Welcome to Bryf, your go-to source for breaking news, analysis, and commentary from around the world. I'm Kyla and today we're discussing the groundbreaking achievement of NASA's Mars Helicopter, Ingenuity, and the exciting possibilities for flight on other worlds.


On April 19th, 2021, Ingenuity made history by becoming the first craft to perform a powered flight on a world beyond Earth. The toaster oven-size helicopter rose 10 feet above the surface of Mars, and it won't be the last. NASA and other space agencies are already developing three more extraterrestrial fliers, and many more aerial robots are on the drawing board.

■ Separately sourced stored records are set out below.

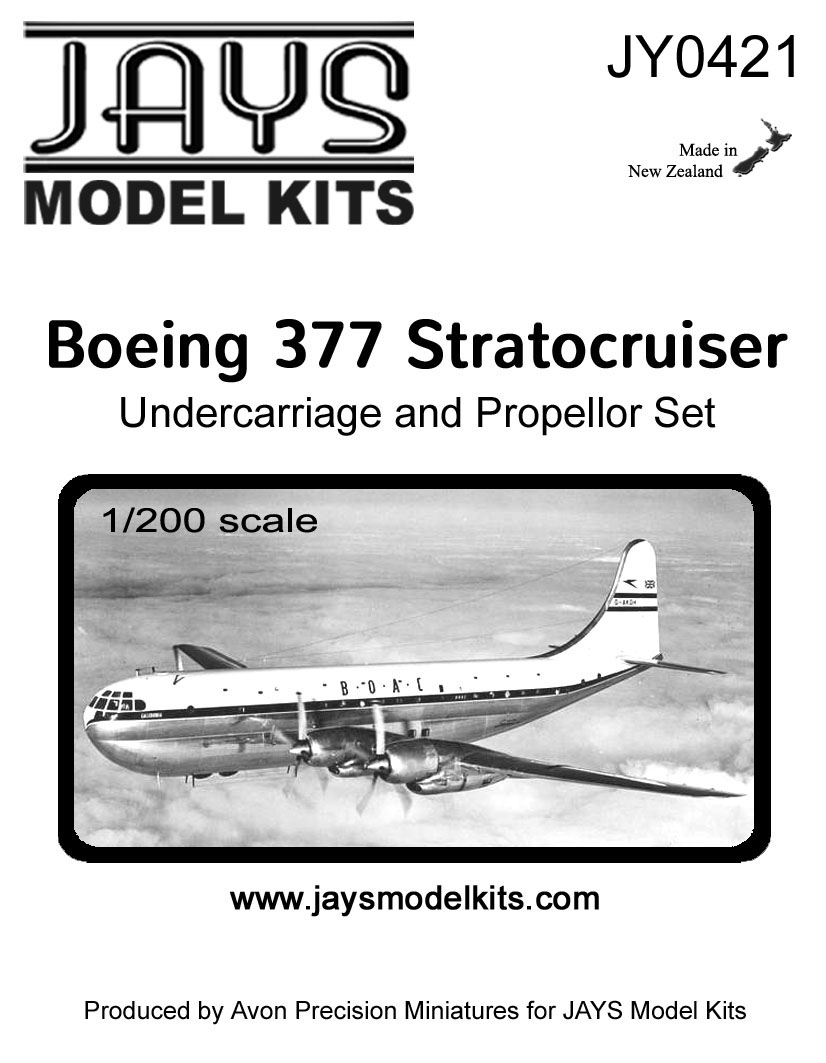 JY0421 Boeing Stratocruiser Undercarriage and Propeller Set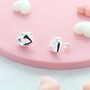 Sterling Silver Lip Stud Earrings, thumbnail 1 of 3
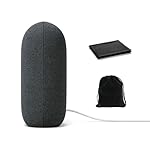 Google Audio Bluetooth Speaker - Wireless Music Streaming, Powerful Sound, Assistant Built-in, Wi-Fi and Bluetooth Connectivity, Smart Home Control, Stereo Pairing, Includes Pouch and Cloth - Image 3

These aerial robots could survey the clouds of Venus, search for life on Saturn's moon Titan, and scout out resources for Mars astronauts who may arrive in the late 2030s. However, these missions face significant technological hurdles. Flying on other worlds requires ultra-lightweight materials, autonomous navigation, and adaptations to extreme temperatures and different atmospheres.


But if engineers at NASA's Jet Propulsion Laboratory in Pasadena, California can pull it off, we will soon be touring the solar system like never before. Geoff Landis, a physicist at NASA's John Glenn Research Center in Cleveland, explains that there are so many things you can do with aerial mobility that you can't do with a lander or a rover. "If you want to do global exploration, from pole to equator, you need something capable of flying."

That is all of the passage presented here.